Amidst the oak trees and limestone outcroppings, couples of varying ages, groups of friends, and family groups gather at picnic tables—chatting, tasting, sharing pizzas, and enjoying a day in the Hill Country. Some people play lawn games like cornhole and horseshoes, while others take their beer study seriously, poring over glasses of different shapes and sizes and comparing tasting notes.

We find a table under an old oak on the edge of the hill, overlooking the lively scene at the pizzeria below. After a visit to the tasting room (four-ounce pours cost $2-$4.50, depending on style), we return to our table with an array of beers to sample. Jester King’s beers might surprise aficionados who prefer traditional lagers, as here the brewers make mostly dry, sour styles (one of the latest beer trends), using hops judiciously to impart bitterness and interesting floral notes. Jester King’s tried-and-true standards are available year-round at the brewery and in local stores, but at the brewery itself, I recommend sampling the limited releases, which are experimental styles brewed in small batches and not available anywhere else.

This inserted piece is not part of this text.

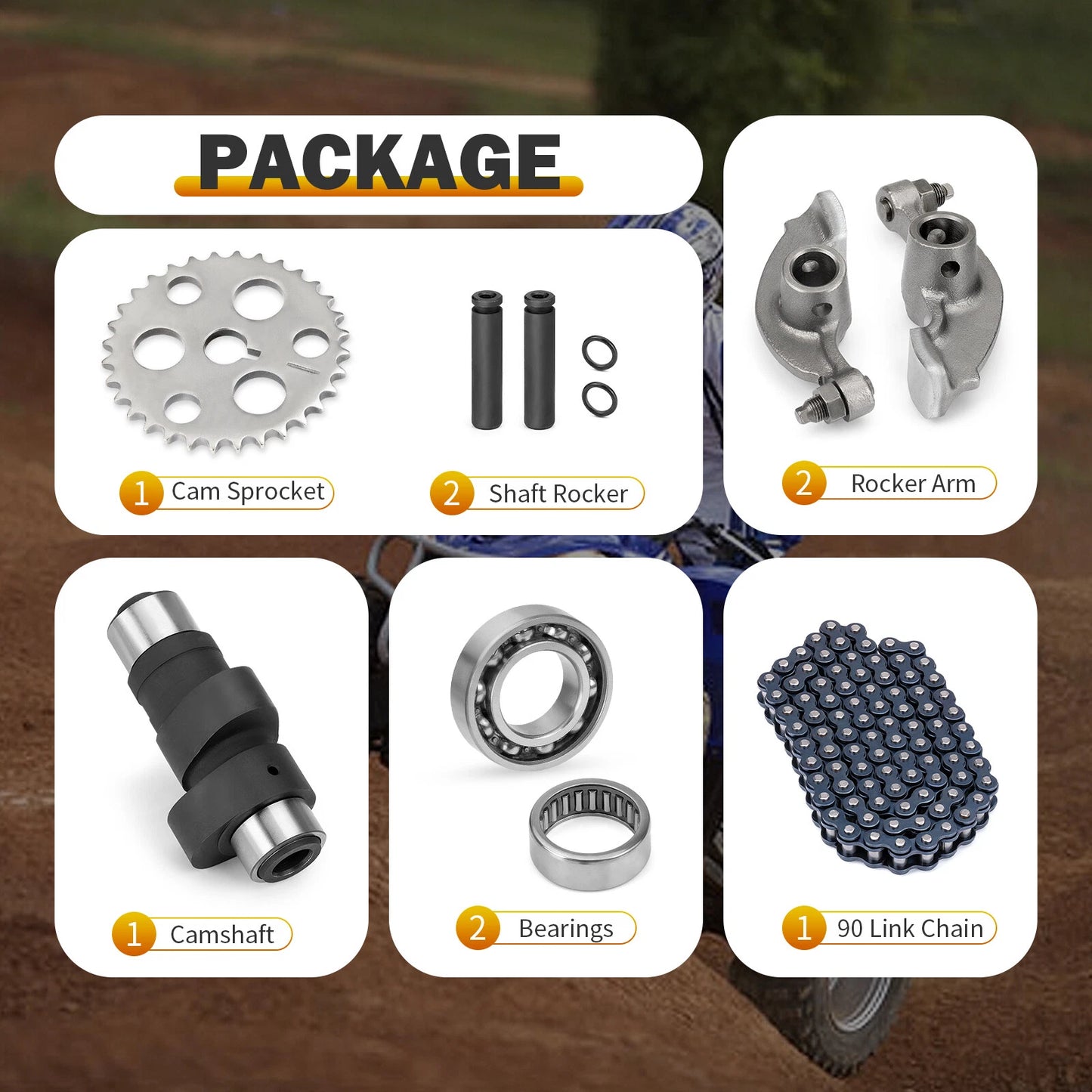 Camshaft Rocker Arm Bearings Kit for Yamaha Wolverine 350 4x4 YFM350F 1995-2005
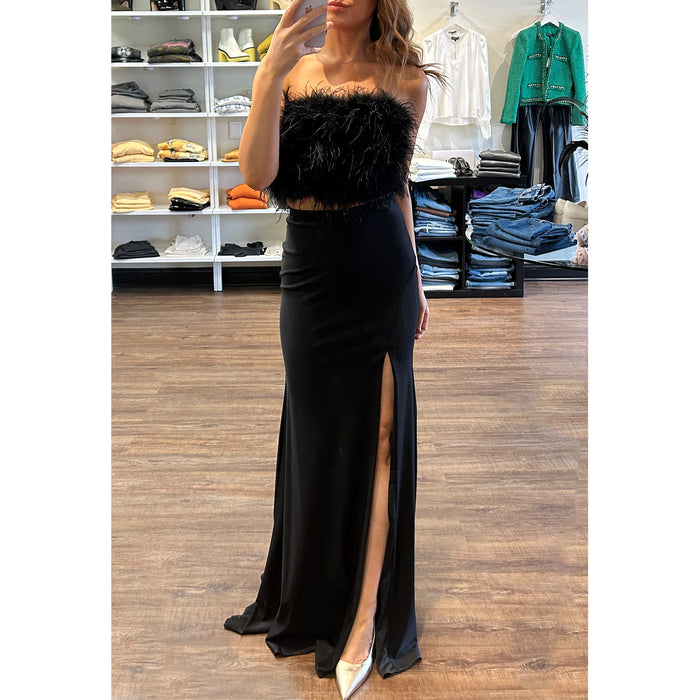 CD Strapless Feather Two Piece Gown in Black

Free brewery tours––this one led by co-owner Jeffrey Stuffings––cater to craft-beer enthusiasts and devoted home-brewers alike.

Free brewery tours––this one led by co-owner Jeffrey Stuffings––cater to craft-beer enthusiasts and devoted home-brewers alike.

On this occasion, I especially enjoy Jester King’s popular Wytchmaker Farmhouse IPA, from a batch that had been conditioned with fresh guava juice. I also love the Atrial Rubicite, a barrel-aged sour beer re-fermented with fresh raspberries, which boasts a beautiful ruby color and a dry finish of fresh raspberries. Because of their lighter body and tangy flavors, they are ideal for pairing with food, and Stanley’s
pizzas—some of the best wood-fired oven pies in the Austin area—are the perfect foil. Two of our favorites are the Penelope, made with red sauce, smoked speck, fresh mozzarella, arugula, tomatoes, cracked salt and pepper, and extra-virgin olive oil; and the Willie, a spicy pie with barbecue sauce, juicy brisket, cheddar cheese, red onions, and fresh jalapeños.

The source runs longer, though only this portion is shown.